Lactococcus lactis-stammen, afkomstig uit wilde planten, kunnen zonder veel moeite wennen aan een bestaan in dierlijke melk. Dat opent perspectieven voor de zuivelindustrie, melden onderzoekers van het NIZO, het Delftse Kluyver Centre en de VU in het tijdschrift Genome Research.

Volgens Herwig Bachmann, Johan van Hylckama Vlieg en collega’s is het een kwestie van versnelde evolutie. Normaal gesproken voelen L. lactis-stammen, die uit planten worden geïsoleerd, zich niet thuis in zuivel. Voor andere stammen van L. lactis is melk echter juist de natuurlijke omgeving. Aangenomen wordt dat die oorspronkelijk ook uit planten afkomstig zijn, en zich gaandeweg aan een bestaan in dierlijke melk hebben aangepast.

Die laatste stammen worden op grote schaal gebruikt in de zuivelindustrie. Ze worden in hoge concentraties gekweekt als ‘starterculturen’ die essentieel zijn voor de productie van kaas en karnemelk. Van de genetische opbouw van die startercultuur hangt in hoge mate af wat voor eindproduct je daarbij krijgt.
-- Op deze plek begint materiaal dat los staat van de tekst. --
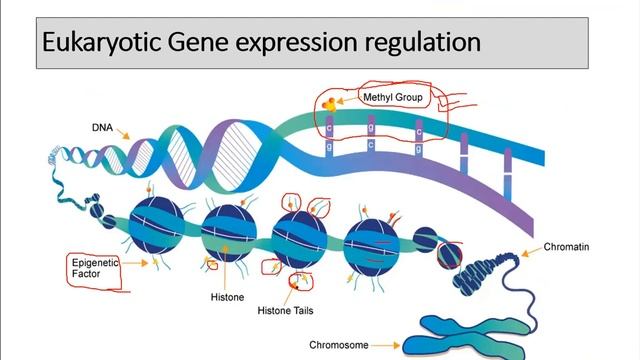 Gene expression regulation (proteome Genome) смотреть онлайн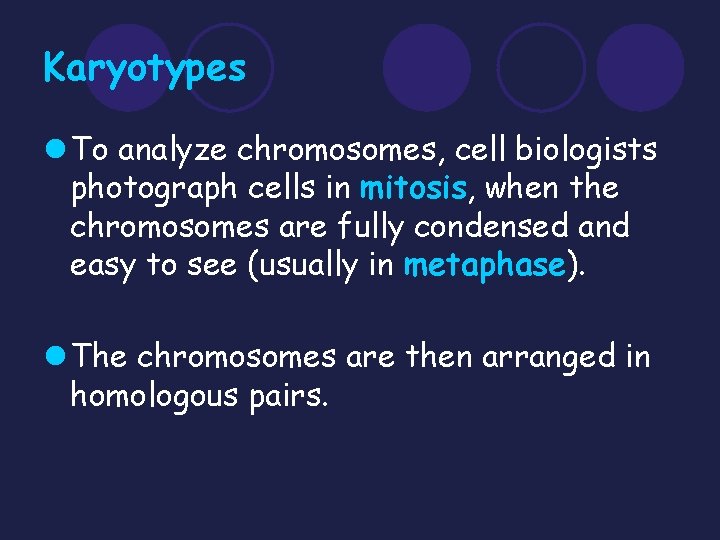 Karyotypes l To analyze chromosomes, cell biologists photograph cells in mitosis, when the chromosomes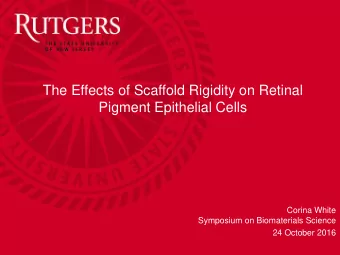 The Effects of Scaffold Rigidity on Retinal  Pigment Epithelial Cells  Corina White  Symposium on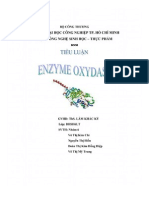 Tiểu Luận Enzyme Oxydase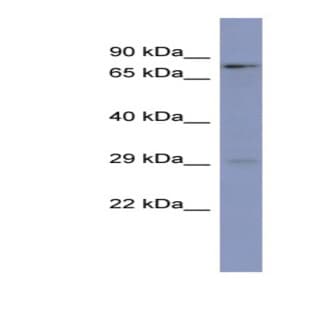 anti-Purine-Rich Element Binding Protein B (PURB) (N-Term) antibody avatar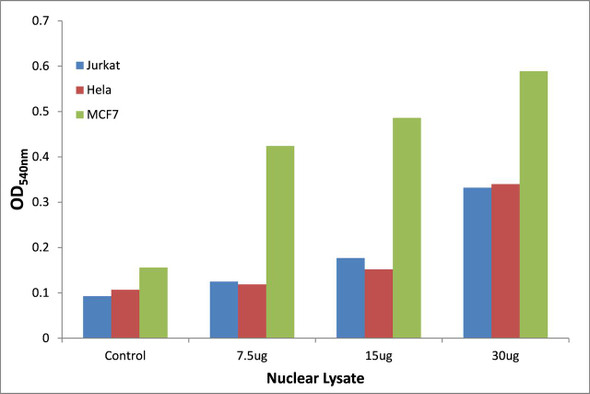 SOX-9 (Phospho-Ser181)Transcription Factor Activity Assay (TFAB00066)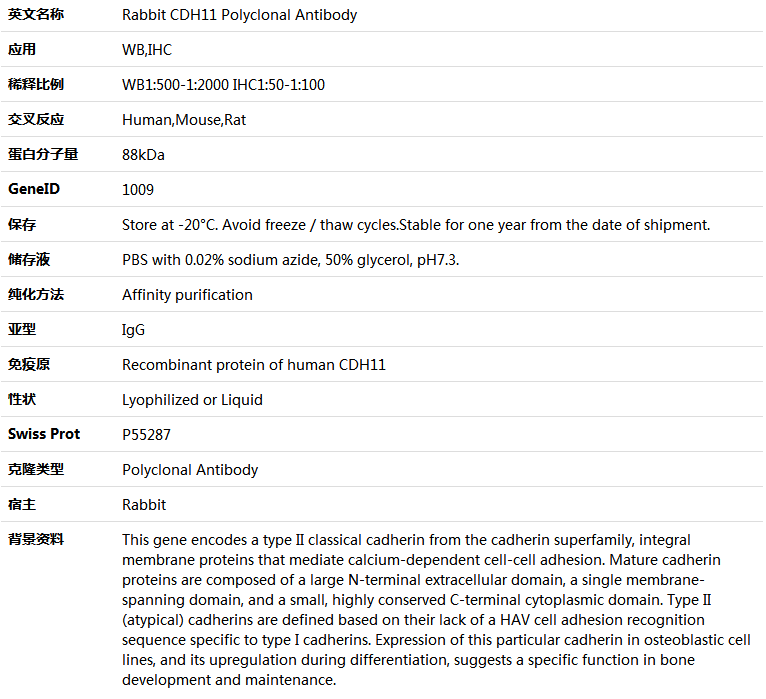 CDH11 Antibody,索莱宝,K005663P-100ul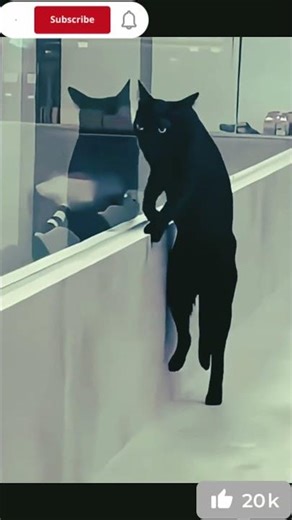 👉 "Cats on the Catwalk – Too Funny!" #CatwalkCats #FunnyCats #USACommunity #MustWatch #Viral #USA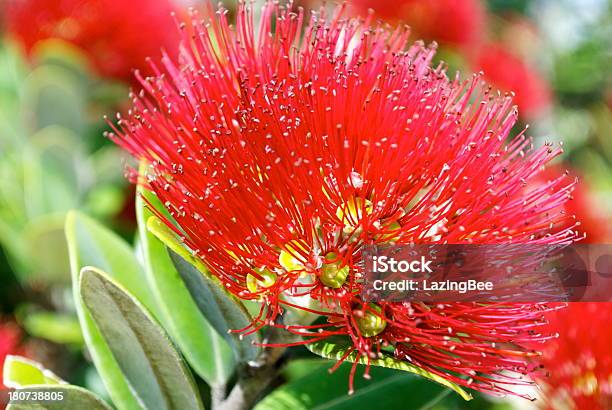 New Zealand Metrosidero En Flor Foto de stock y más banco de imágenes de Aire libre - Aire libre, Cabeza de flor, Característica de planta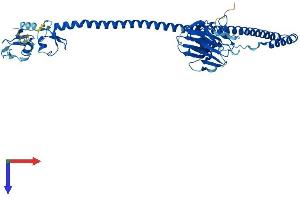 AlphaFold protein structure predicition of Mouse Recombinant Trim72 Protein, UniprotID Q1XH17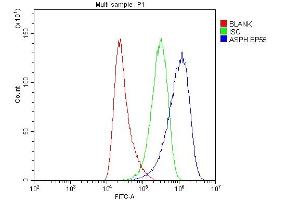 Flow Cytometry analysis of HeLa cells using anti-ASPH antibody (ABIN3043790). (Aspartate beta Hydroxylase anticorps  (C-Term))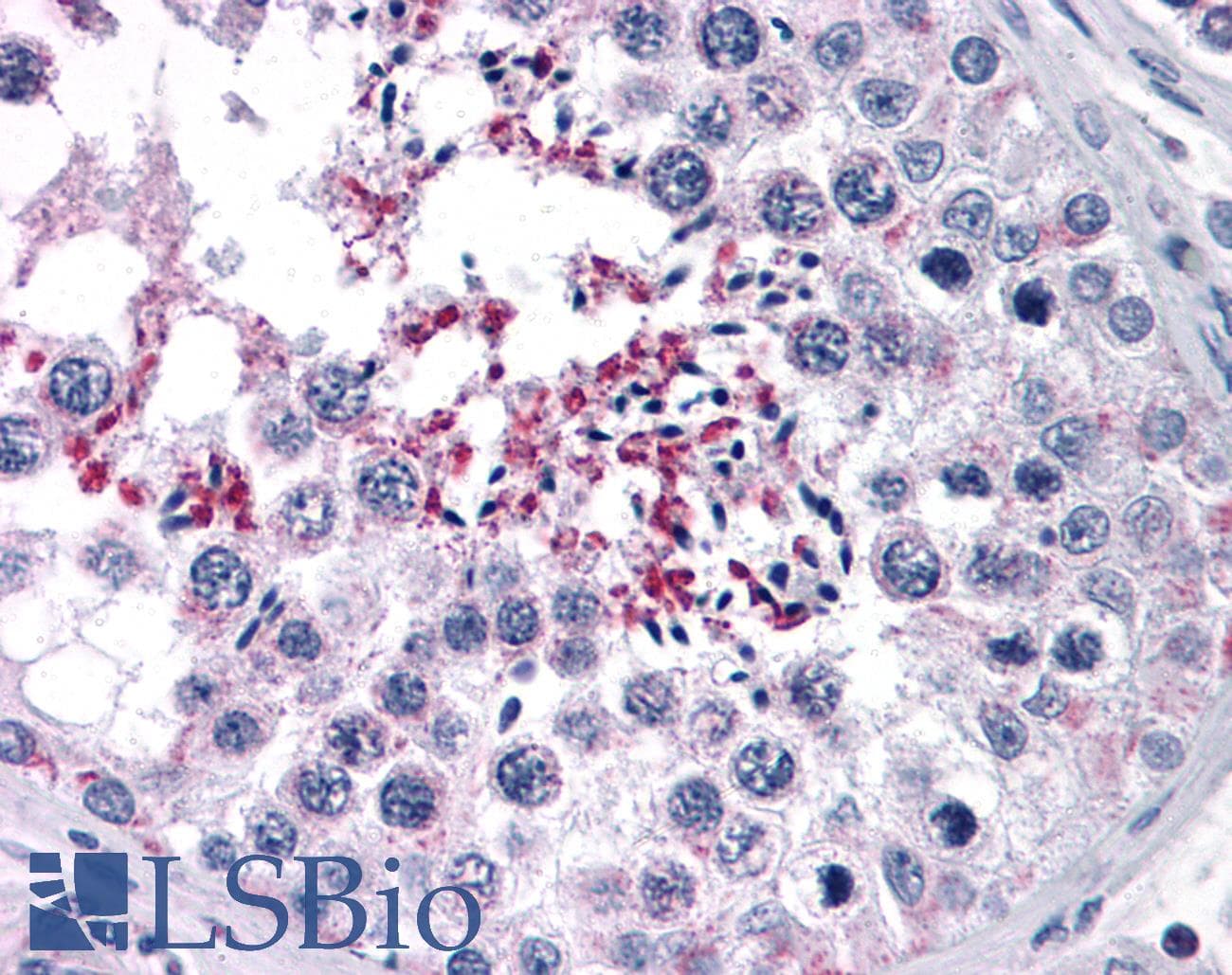 IHC-plus™ CCDC134 Antibody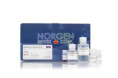 48200 RNA/Protein Purification Plus Kit ( 50 rxn )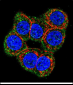 CBS Antibody (N-term)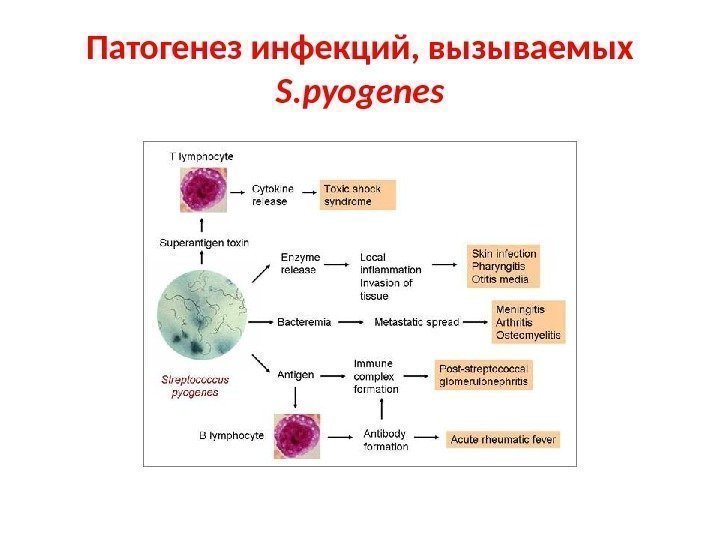 Патогенез инфекций, вызываемых S. pyogenes 
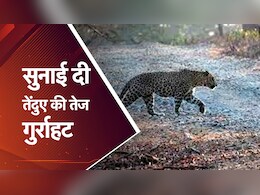 अमोला के खंडहरों में सुनाई दी तेंदुए की तेज गुर्राहट, Video Viral...जानिए गर्मीयों में क्यों पसंद है इस जानवर को ये क्षेत्र अमोला के खंडहरों में सुनाई दी तेंदुए की तेज गुर्राहट, Video Viral...जानिए गर्मीयों में क्यों पसंद है इस जानवर को ये क्षेत्र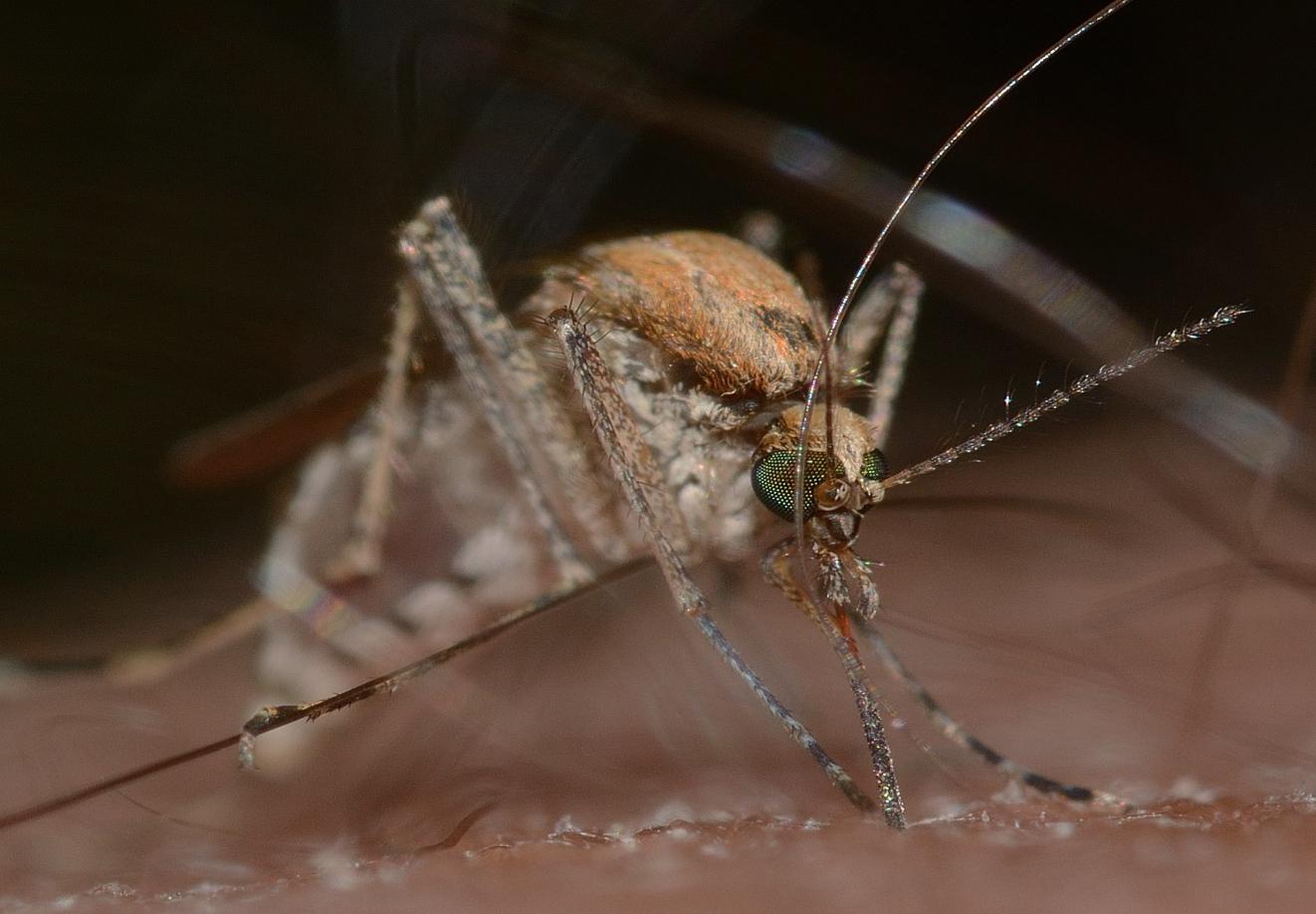 Genomic Evidence Redefines the Evolutionary Age of Mosquitoes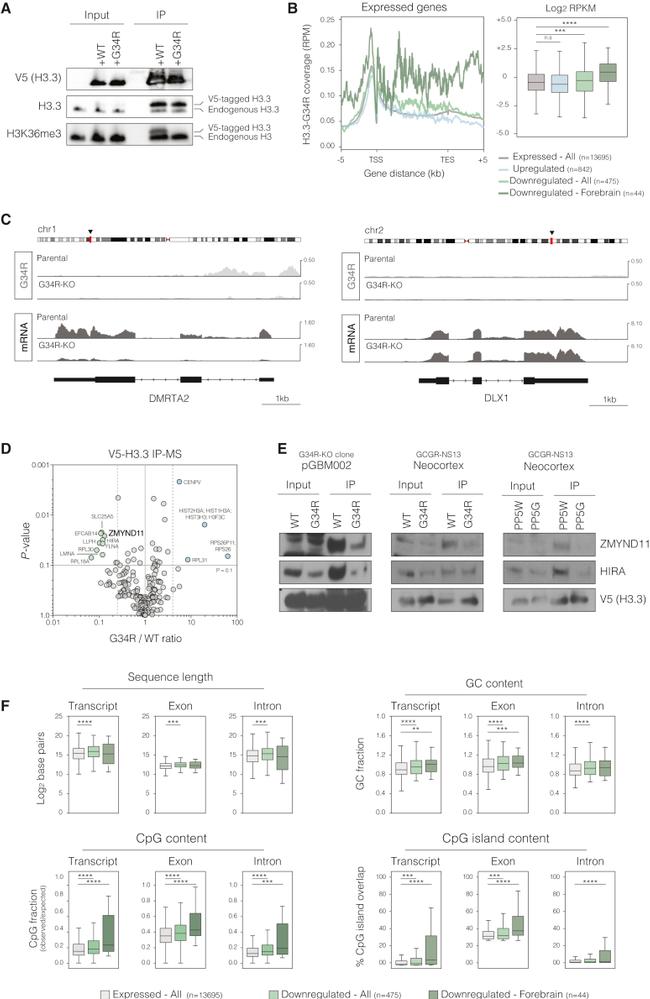 V5 Tag Antibody in Western Blot, Immunoprecipitation (WB, IP)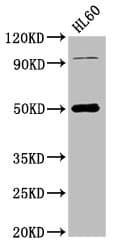 Polyclonal Rabbit anti-Human NADK2 / C5orf33 Antibody (IHC, WB)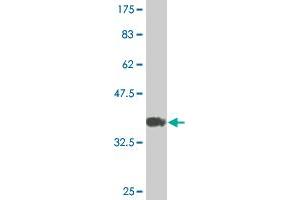 Western Blot detection against Immunogen (36. (HOXB9 antibody  (AA 1-98))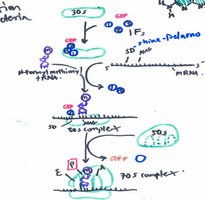 Translation initiation in Bacteria, Archaea, and Eukarya
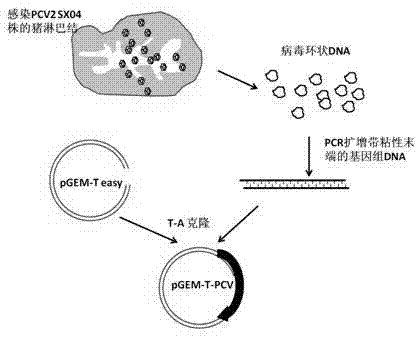 Method for overexpression of porcine circovirus type 2 nucleocapsid protein in cells of mammal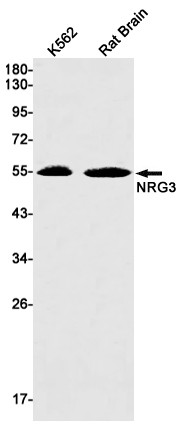 NRG3 Antibody in Western Blot (WB)
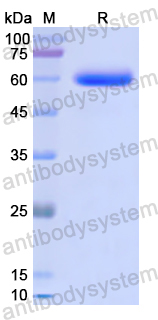 Recombinant Human GSK3A Protein, N-GST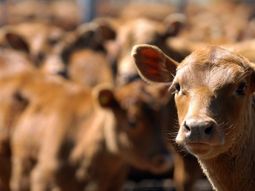 La márgenes de los feedlots terminaron en agosto con números negativos. La márgenes de los feedlots terminaron en agosto con números negativos.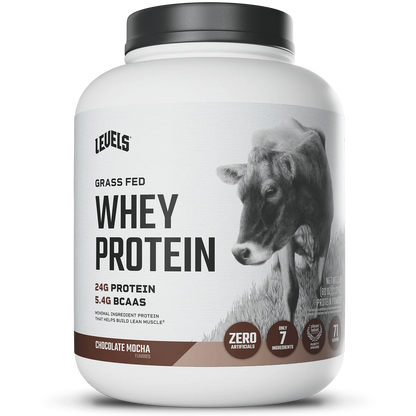 WHEY PROTEIN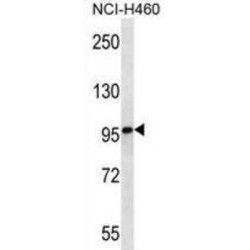 Multimerin 2 (MMRN2) Antibody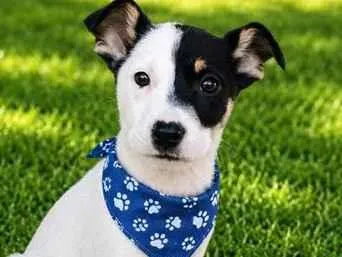 Cachorro raça SRD-ViraLata idade 2 a 6 meses nome Jerônimo 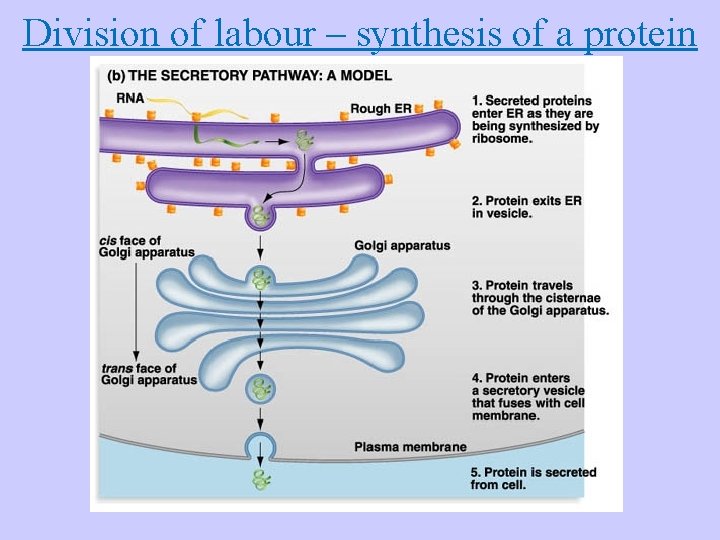 Division of labour – synthesis of a protein 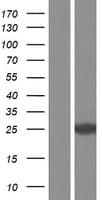 RAB3B Protein (Over-Expression Lysate Myc-DDK (Flag))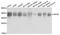 Eukaryotic Translation Initiation Factor 3 Subunit M antibody, A4426, ABclonal Technology, Western Blot image 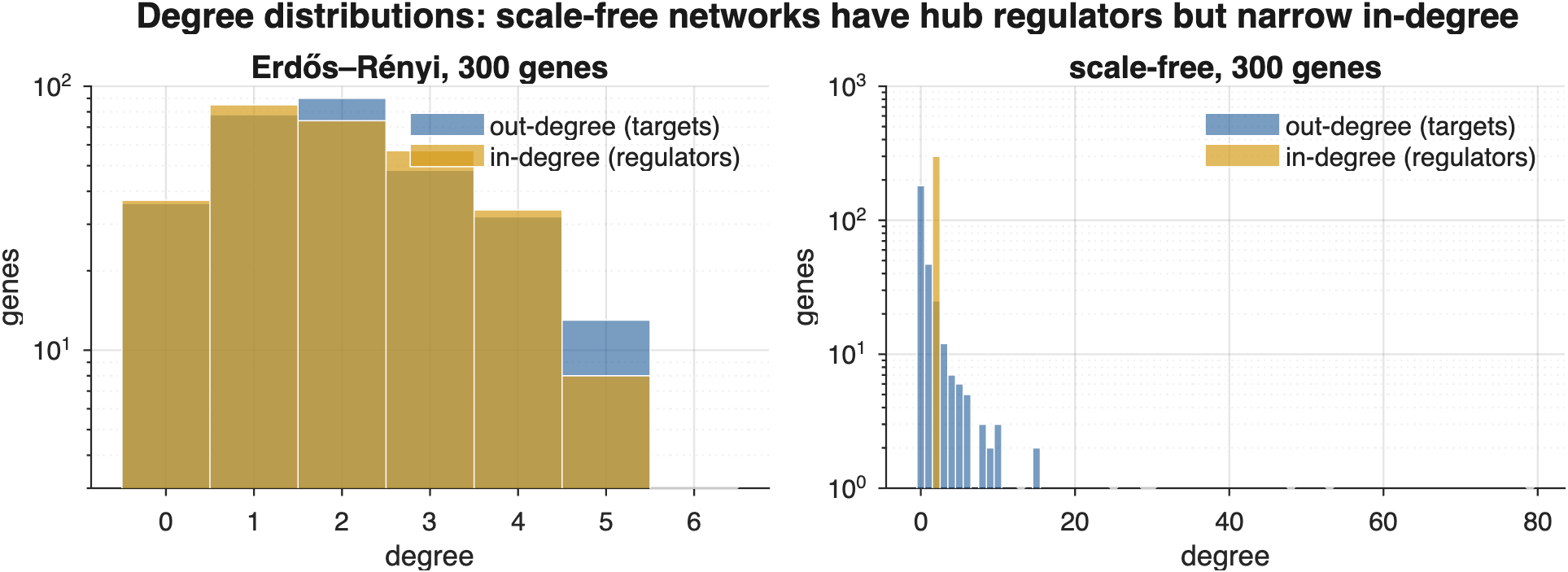 Out-degree (targets per gene) and in-degree (regulators per gene) at 300 genes. The scale-free generator produces hubs with tens of targets while keeping the in-degree narrow, which is how real transcription networks look.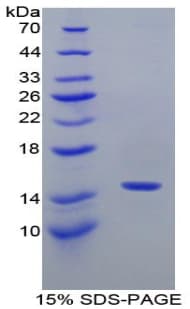 Rabbit IL4 Protein (Recombinant His)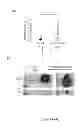 Fig. 05 - MIC-BINDING ANTIBODIES AND METHODS OF USE THEREOF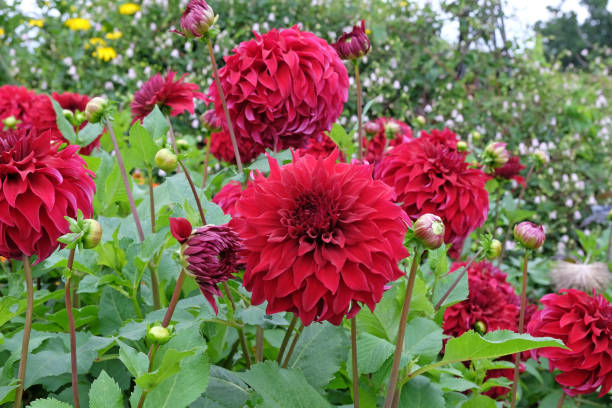 plato rojo decorativo dahlia 'spartacus' en flor. - spartacus fotografías e imágenes de stock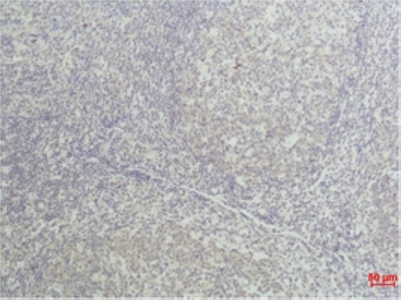 m00002 3 tnf primary antibodies ihc testing 1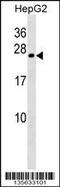 Crystallin Gamma B antibody, 58-323, ProSci, Western Blot image 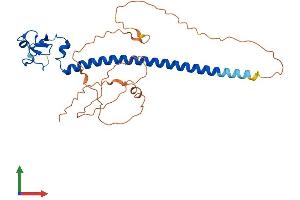Protein Structure (PS) image for Ring Finger Protein 212 (RNF212) (AA 1-297) protein (His tag) (ABIN7551484)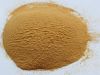 supply HVP(Vegetable protein hydrolysate)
De NIZO-onderzoekers hebben nu laten zien dat je een uit planten afkomstige stam ook kunt kweken in melk. Na zo’n 1.000 generaties weet de bacterie niet beter meer. Maar hij heeft dan nog wèl een aantal genetische eigenschappen die duidelijk afwijken van die van de huidige starterculturen.

Een van de gevolgen is dat ze de melk een stuk sneller kunnen laten verzuren.

Het betekent dat de zuivelindustrie een stuk meer variatie in die starterculturen kan gaan brengen. Al blijft natuurlijk de vraag of de bacteriën hun plantspecifieke genen niet vanzelf zullen verliezen als je er langer mee doorkweekt.